7.4. Handling of Customer Data In The Event Of Termination
In the event that the Agreement is terminated (for any reason), RecruitDoor will make available one backup of the Customer Data. Customer agrees and acknowledges that RecruitDoor has no obligation to retain the Customer Data, and may delete such Customer Data that remains more than 60 days after termination.

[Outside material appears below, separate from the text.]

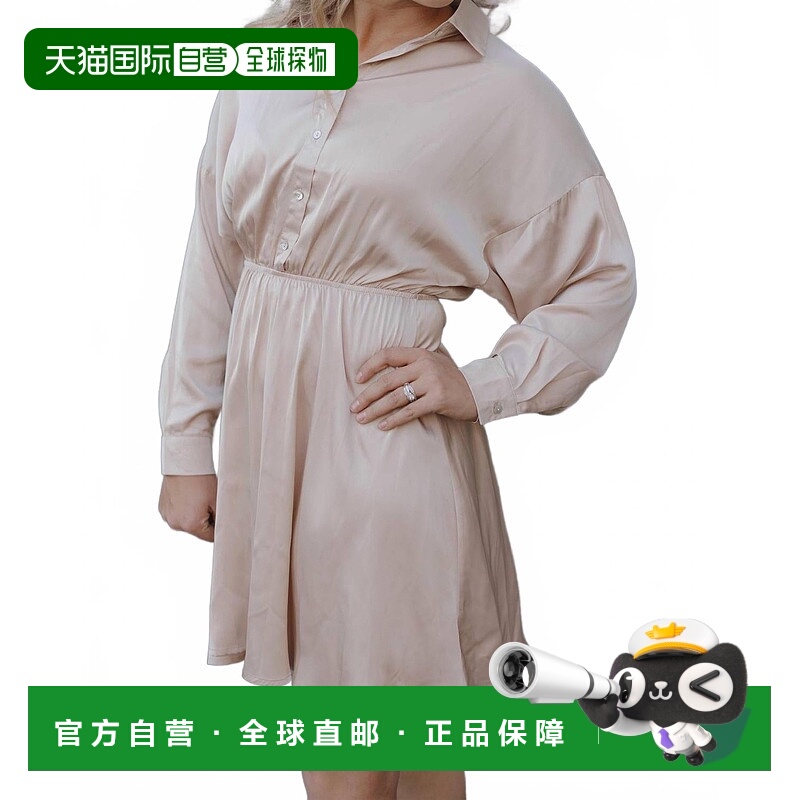 自营she + skyAriana米色长袖迷你连衣裙 美国奥莱直发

8. Modification or Discontinuation of Service
RecruitDoor reserves the right at any time and from time to time to modify, temporarily or permanently, the Service (or any part thereof). In the event that RecruitDoor modifies the Service in a manner which removes or disables a feature or functionality on which Customer materially relies, RecruitDoor, at Customer’s request, shall use commercially reasonable efforts to substantially restore such functionality to Customer. In the event that RecruitDoor is unable to substantially restore such functionality with reasonable effort, Customer shall have the right to terminate the Agreement and receive a pro-rata refund of the license fees paid under the Agreement for the terminated portion of the Term, to the extent that Customer has paid license fees in advance. Customer acknowledges that RecruitDoor reserves the right to discontinue offering the Service at the conclusion of Customer’s then-current Term. Customer agrees that RecruitDoor shall not be liable to Customer nor to any third party for any modification of the Service as described in this Section
9. Modification of Terms of Service
RecruitDoor may amend these Terms of Service in its discretion by providing 30 days’ advance notice to Customer’s Account Contact by any of the means of notice specified in Section 10 below.
10. Notice
RecruitDoor may give either (a) as a note on a screen presented immediately after completion of the log in authentication credentials at the log in screen, or (b) by email to the email address provided for the Support Contact or (c) by written communication sent by first class mail or by courier service to Customer’s address on record in Customer’s account. Such notice will be deemed to have been given upon the expiration of 48 hours after mailing (if sent by first class mail) or 12 hours after sending (if provided by electronic means), or, if earlier, when received. Customer may give notice to RecruitDoor (deemed given upon receipt) by e-mailing [email protected].
11. Assignment
The Agreement shall inure to benefit and bind the parties hereto, their successors and assigns. Neither party may assign the Agreement without written consent of the other, except to a related entity or the successor of all or substantially all of the assignor’s line of business or assets to which the Agreement relates.
12. Publicity
Customer consents to RecruitDoor’s disclosure of the fact that Customer is a paying customer of RecruitDoor. During the Term, RecruitDoor may list Customer’s name and logo on RecruitDoor’s web site.